Tobacco companies in Malaysia have embarked on an intense media letter-writing campaign in a bid to thwart Health Minister Khairy Jamaluddin’s bill to end the habit of smoking, MalaysiaNow has learned. .
Using various pseudonyms, some of the letters provide a seemingly ‘objective’ argument to counter the Health Ministry’s ‘tobacco generation endgame’, while others poke fun at Khairy’s battle to get the bill passed. on tobacco products and tobacco control in Dewan Rakyat.
“Letter writing is the cheapest form of media warfare, but as effective, if not more so, than the expensive branded content companies normally put out in newspapers and online portals,” said one individual who claimed having been hired by a tobacco company to enlist. with local media told MalaysiaNow.

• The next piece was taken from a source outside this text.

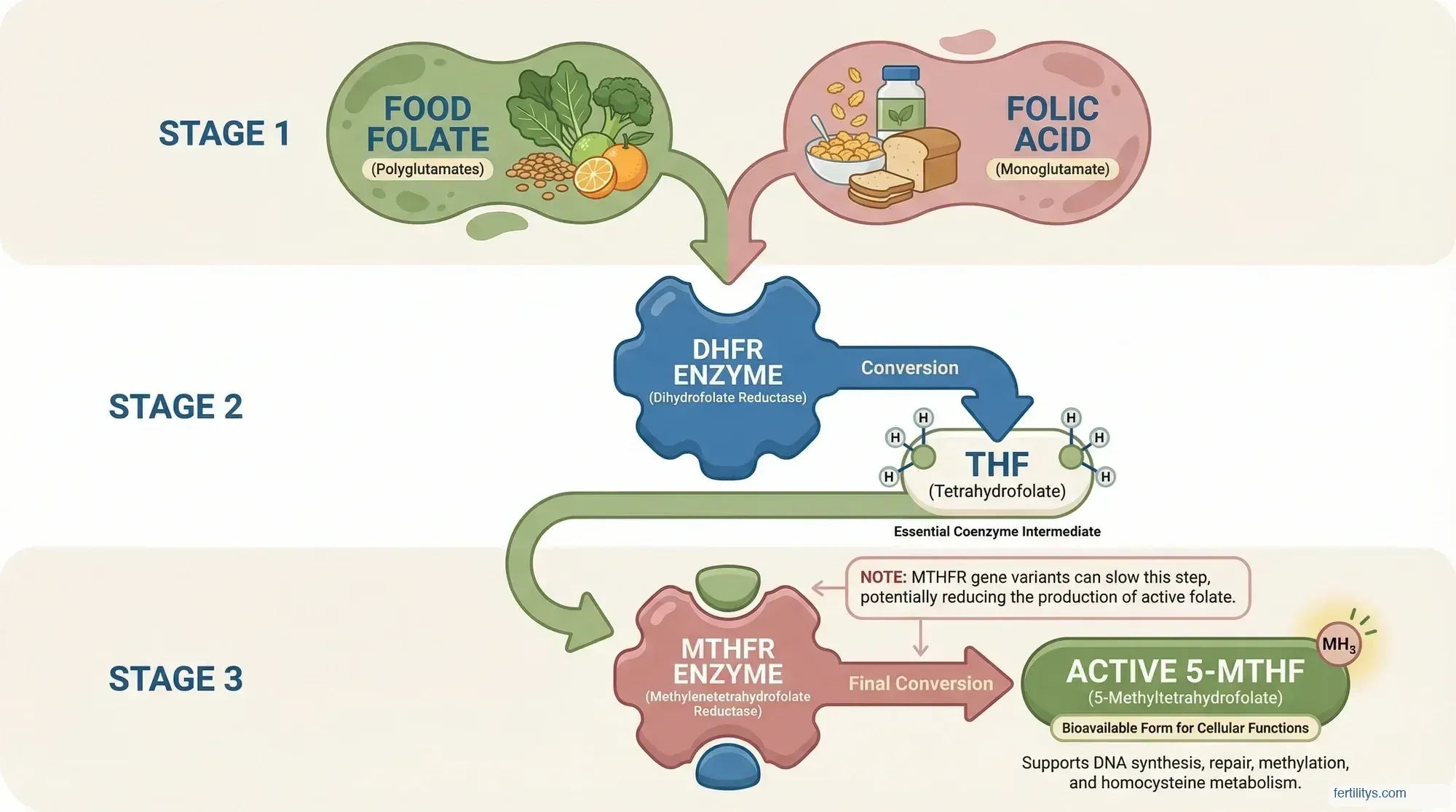 Diagram showing the folate conversion pathway from food folate and folic acid through DHFR and MTHFR enzymes to active 5-MTHF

Examples of “branded content” he referred to are paid placements of written articles and advertorials in newspapers, a growing trend among businesses around the world at a time when branded direct marketing is becoming increasingly more unpopular.
“But the downside of such placements is that the name of the sponsor has to be mentioned at the bottom for transparency,” the writer, who only wanted to be known as Ting, told MalaysiaNow.
“That’s something that tobacco companies are not allowed to do.”
Malaysia bans all forms of advertising by tobacco companies, including disguised ones such as event sponsorship and brand stretching, where non-tobacco products use cigarette brand names.
In recent days, several news portals have published identical letters in English and Malay, criticizing Khairy’s plans while being careful to avoid being perceived as promoting smoking.
In one such letter published by a local news site, the writer said the bill was “hastily constructed, a hallmark of ill-thought-out Malaysian projects waiting to implode”.
“There’s really no need to rush things. If we can’t even effectively implement a restaurant smoking ban, how can we execute an even more ambitious plan to introduce a generational smoking ban? , which has not yet been done anywhere else in the world?
“At the risk of sounding like a tobacco advocate, I want to make it clear that I am all for tobacco control for health reasons. What I am against is rushed work that does not is not well thought out, which can explode in our face in the time to come.”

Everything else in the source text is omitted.